A committee convened by the Federal Reserve to examine potential replacements for widely used interbank offered rate benchmarks has published its interim conclusions, identifying two potential alternatives.
But major challenges stand in the way of broad international adoption of any new benchmark rate, the report said, including the broad array of loans, derivatives and bonds that reference the old rate all over the world.
Sandie O'Connor, chair of the Alternative Reference Rates Committee and chief regulatory affairs officer at JPMorgan Chase, said the panel's report is an opening salvo in continuing international efforts to replace the discredited and illiquid London interbank offered rate, or Libor, with alternatives that represent real market trends and serve the needs of financial service customers.
"It's essential that we find alternative rates and alternative benchmarks that can be more squarely based on transactions and more durable over time," O'Connor said. "Our goal is not to necessarily replicate [Libor], but rather create an alternative benchmark that is appropriate and fits the purpose of the end user."
The Federal Reserve in 2014 convened the ARRC in response to concerns from both the international Financial Stability Board and the U.S. Financial Stability Oversight Council that Libor and other interbank benchmark rates had ceased to be effective as a stable, liquid and secular interest rate upon which derivatives and other various financial transactions can be based.
Interbank lending effectively ceased after the financial crisis, thus debasing the transactions upon which Libor was founded. The benchmark's reputation was further tarnished when revelations of widespread manipulation of the rate by banks came to light in 2012. Those banks paid billions in fines related to the scandal.
The ARRC was composed of representatives of the largest global interest rate derivatives dealers and central counterparties, as well as representatives of the Treasury and Fed as ex officio members.
Fed Gov. Jerome Powell said the Fed and other regulators play a facilitating role in establishing an alternative rate, but the market itself will ultimately have to decide what to reference in its transactions. The committee, which represents primarily derivatives brokers, will now engage with derivatives buyers — primarily hedge funds and asset managers — to achieve the universal goal of transitioning away from the tainted and illiquid interbank rates.
"I think everyone agrees and understands that the plan to move a lot of the trading to a new rate is a much better equilibrium for the whole system," Powell said. "No one can just order that done. We need the expertise of these firms, they are committed to achieving this goal, so we're well aligned in this. We perform a coordinating role."

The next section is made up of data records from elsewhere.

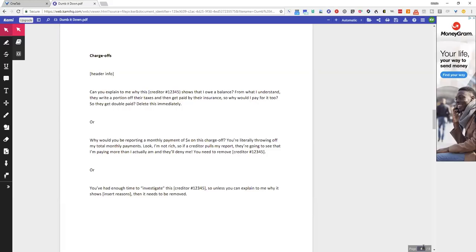First one is: Can you explain to me why this account shows that I owe a balance? From what I understand, they write a portion off their taxes and then they get paid by their insurance. So why would I pay for it too, so they get double paid? Delete this immediately.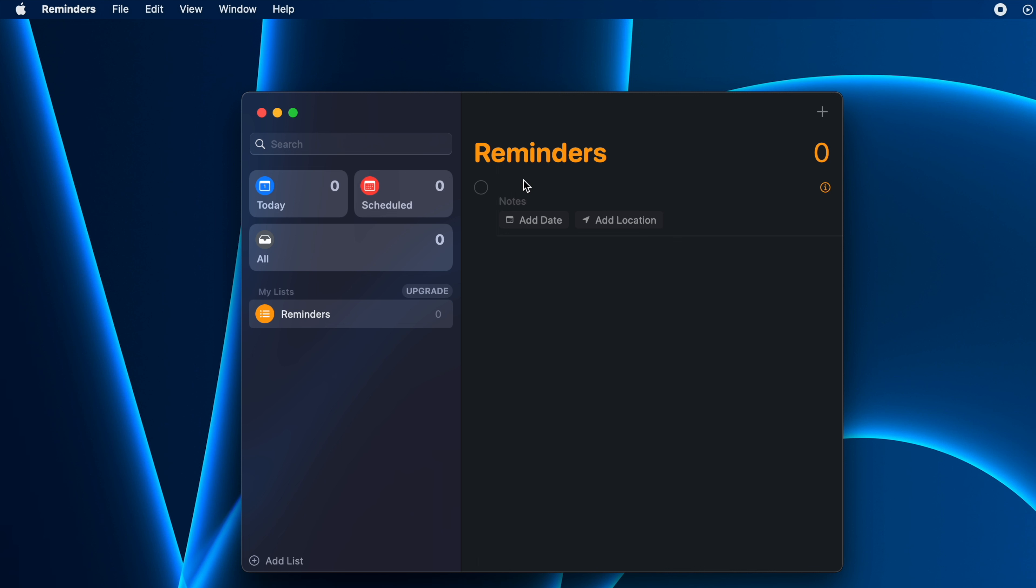Now you can name the reminder with whatever name you want. I'll name it as Gym. You can add additional notes as well. Let's say I want to go to gym and I should not forget to take my kit along with me, so I'll add it here. I have to go to gym and I have to take my kit.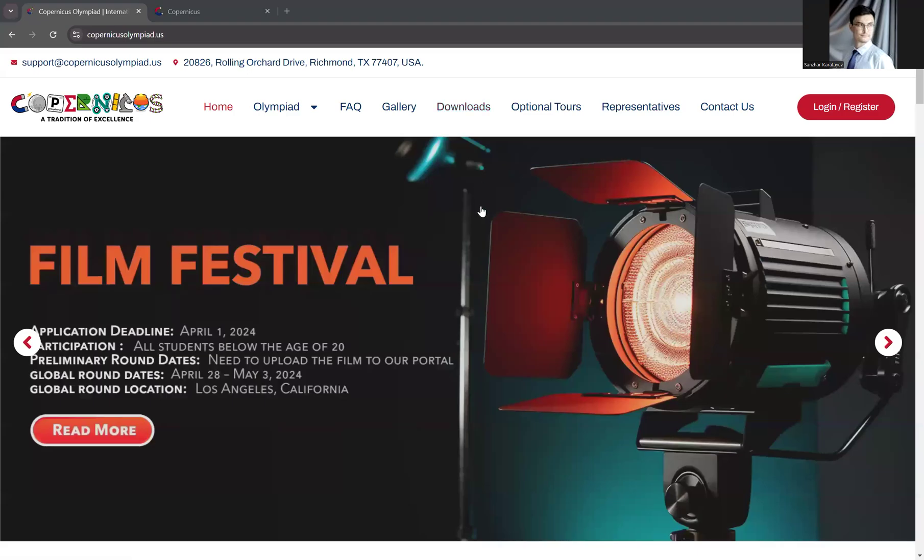Hello. In this tutorial, we're going to show you how to take part in Copernicus competitions. First,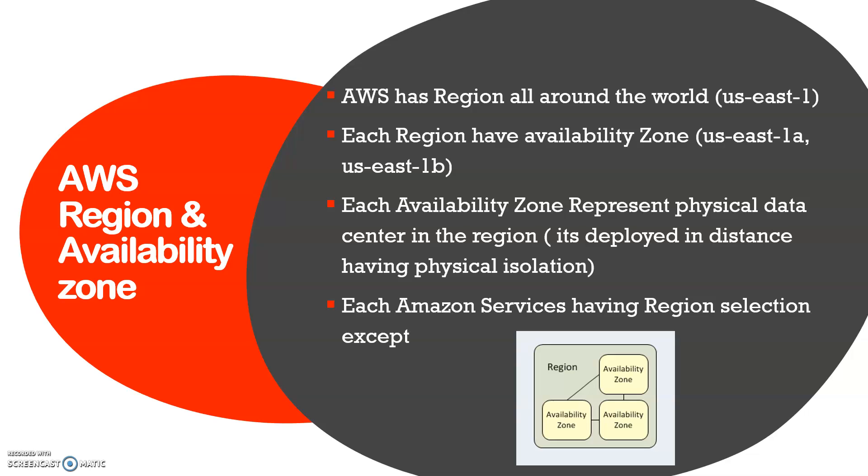Availability zones represent physical data centers in the region, and that data is completely isolated, physically isolated from each availability zone. It's for disaster recovery where the data centers are kept at different locations having different distances.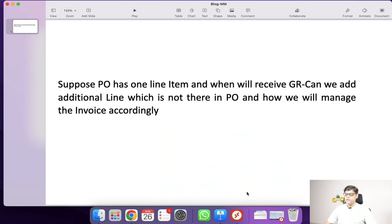Hi guys, this is Pradeep. Today we will take another scenario that was asked in one of the interviews. This question is related to MM but can also be applied to finance, because it was asked to a finance person. Let's take this question.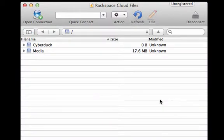It'll take a moment to authenticate, but as soon as I do, I now have access to all of my containers in Cyberduck.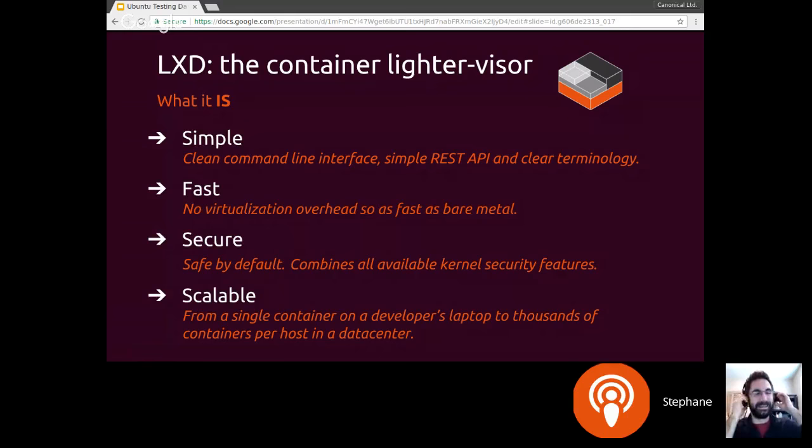Never give root access inside a privileged container to someone you don't trust with root access on your host, because they effectively get that. No matter how many layers of SecComp and AppArmor you stack on it, they will be able to escape somehow. There are a bunch of really weird syscalls you kind of need that also let you do some pretty evil stuff in the kernel.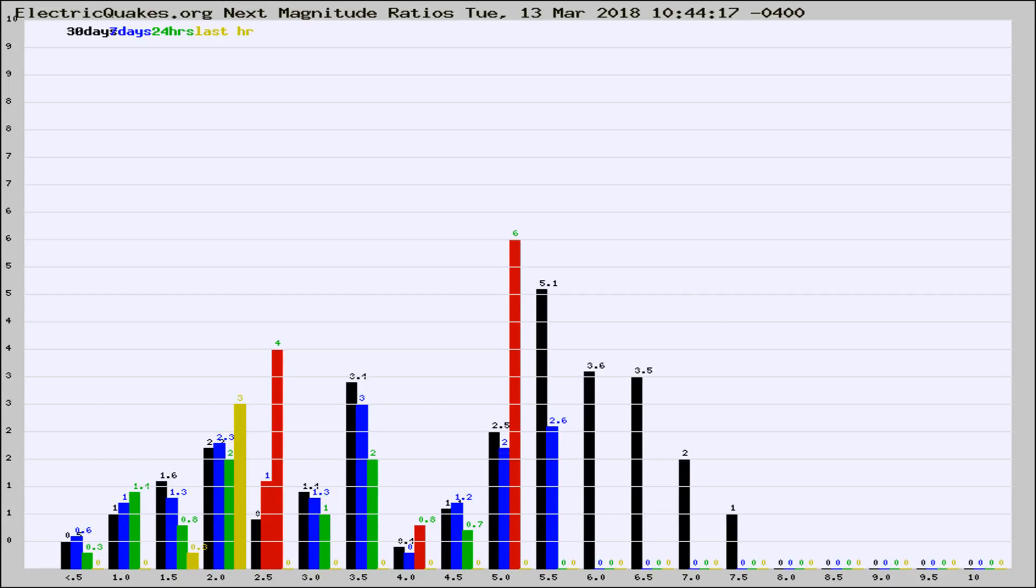If it changes between the last 30 days, 7 days, 24 hours, and last hour, it may indicate something unusual happening in that area. This is worldwide.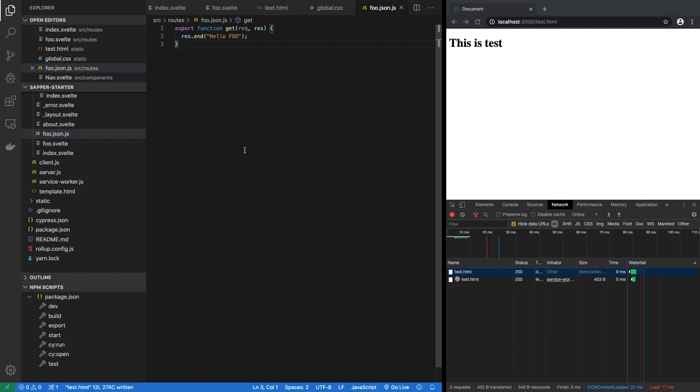So that's the basics of Sapper. Now this is just the beginning. There is a whole lot more you can do with Sapper and we will do with Sapper. In fact, what I want to do is I want to use Sapper as the starting point for my single page application. So let's do that in the next video.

In the ARRC's interim report issued Friday, the committee winnowed the potential replacements to one secured and one unsecured rate: the overnight bank funding rate, or OBFR, and an overnight Treasury general collateral repo rate. While both rates represent deep underlying markets with high transaction volume — features deemed necessary for a replacement to Libor — a transition to either benchmark represents a substantial challenge, the report said.
"This plan envisions gradually moving price alignment interest and also eventually discounting from the effective federal funds rate to the new rate chosen by the ARRC," the report said. "If adopted, a paced transition would represent a first step in creating a liquid market for the alternative rate, but further work would be required ... for a full transition strategy that would move a more significant portion of the derivatives markets away from Libor to the new rate."

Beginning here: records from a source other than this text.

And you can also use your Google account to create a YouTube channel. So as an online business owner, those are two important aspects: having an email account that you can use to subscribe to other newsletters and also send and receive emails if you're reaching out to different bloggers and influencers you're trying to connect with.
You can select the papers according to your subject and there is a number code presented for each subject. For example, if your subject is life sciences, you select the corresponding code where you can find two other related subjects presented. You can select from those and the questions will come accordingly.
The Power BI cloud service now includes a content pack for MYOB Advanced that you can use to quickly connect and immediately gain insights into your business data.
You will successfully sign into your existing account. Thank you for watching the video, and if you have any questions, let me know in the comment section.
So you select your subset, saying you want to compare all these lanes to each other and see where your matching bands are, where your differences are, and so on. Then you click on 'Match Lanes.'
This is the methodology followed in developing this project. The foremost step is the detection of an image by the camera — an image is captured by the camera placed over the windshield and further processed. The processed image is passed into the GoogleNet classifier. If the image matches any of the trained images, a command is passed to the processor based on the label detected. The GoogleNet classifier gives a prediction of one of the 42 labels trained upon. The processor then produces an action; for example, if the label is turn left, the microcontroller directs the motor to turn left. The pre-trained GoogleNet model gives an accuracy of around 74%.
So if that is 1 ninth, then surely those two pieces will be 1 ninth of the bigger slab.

The committee had originally considered various other rates, including the federal funds rate, the interest on excess reserve rate, and Treasury yield rates. The rates committee settled on the OBFR and overnight Treasury repo because they represent deep and liquid markets — the overnight bank funding rate represents an average of $300 billion in transactions per day — and because unlike other benchmarks like the federal funds rate or interest on excess reserves, they float independently of monetary policy considerations. The committee will make a final determination on which of the two benchmarks it prefers as an alternative to Libor, but did not specify when that final decision might be made.
The ARRC said that while uniformity among dealers and clearing counterparties is important, successful implementation will ultimately depend on widespread adoption by end users — that is, firms buying interest rate derivatives to hedge a position. To facilitate this, the member banks and market participants must engage in "voluntary trading … sufficient to achieve a critical mass of liquidity in futures contracts and/or derivative contracts that reference the new rate."

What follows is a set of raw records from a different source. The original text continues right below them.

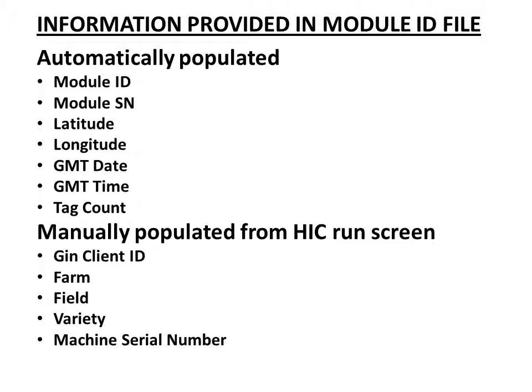The gin client ID, the farm, the field, the variety and the machine serial number are manually populated from your HIC run screen.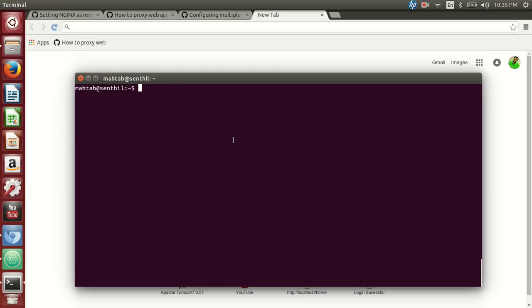Today we're going to talk about nginx and how we can use it to set up nginx as a reverse proxy for our web applications. Before we get into that, let's first talk about what nginx is, why it's very popular, and what features it provides.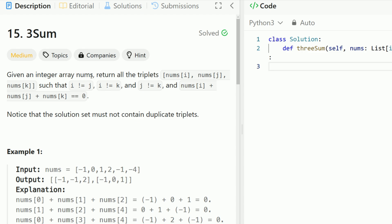Given an integer array nums, return all the triplets such that number one plus number two plus number three is equal to zero. Notice that we can't use the same index twice, so i cannot equal j, j cannot equal k, and i cannot equal k. However, we could use the same number if there are duplicate numbers in the array.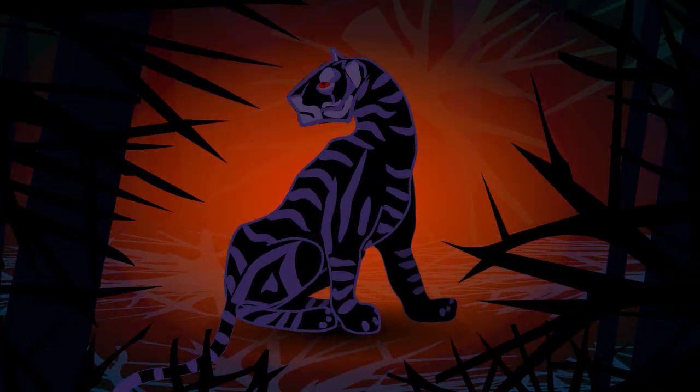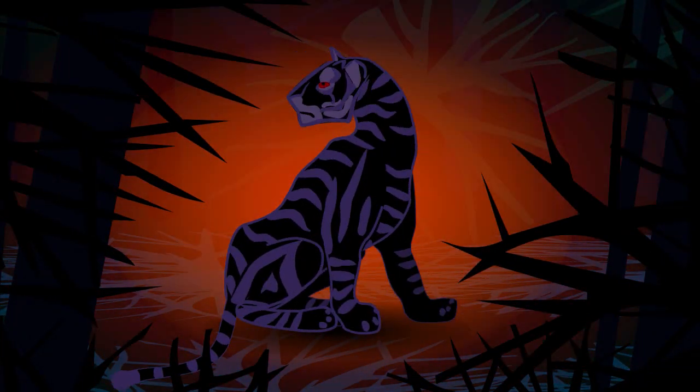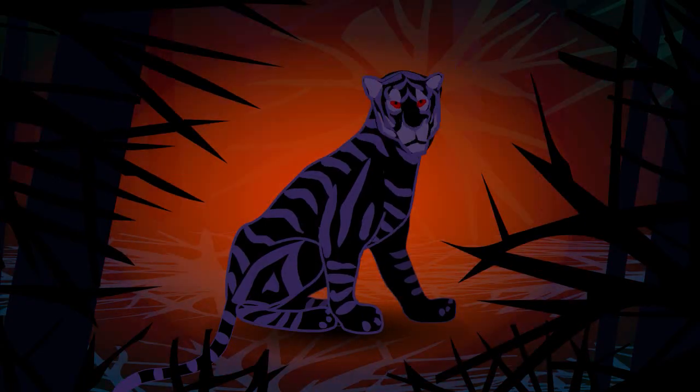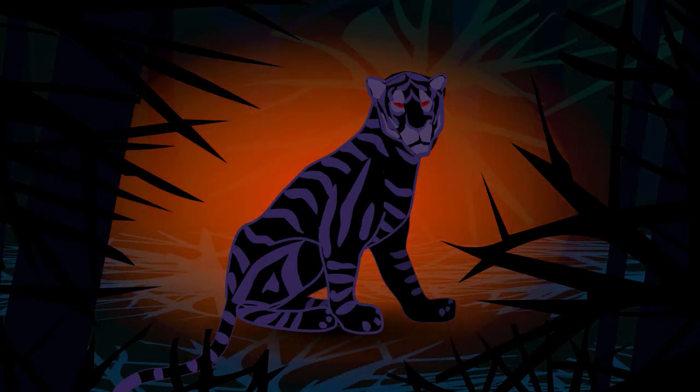Tiger, tiger, burning bright in the forests of the night, what immortal hand or eye dare frame thy fearful symmetry?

That transaction history will hopefully jump-start more widespread adoption of the new rate in swaps and futures contracts by central counterparties, dealers and end users, the report said. But even if that occurs, a "robust market structures" for hedging basis risk — that is, the risk that the new hedging strategy will not be compatible with the old one — needs to be considered to ease the transition, the report said. A streamlined process for central counterparties to receive regulatory approval for products referencing the new rate will also be necessary, the report said — and that is just for the initial transition.
"A paced transition would represent a first step in creating a liquid market for the alternative rate, but further work would be required — following consultation and close involvement with end users — in planning for a full transition strategy that would move a more significant portion of the derivatives markets away from Libor to the new rate," the report said.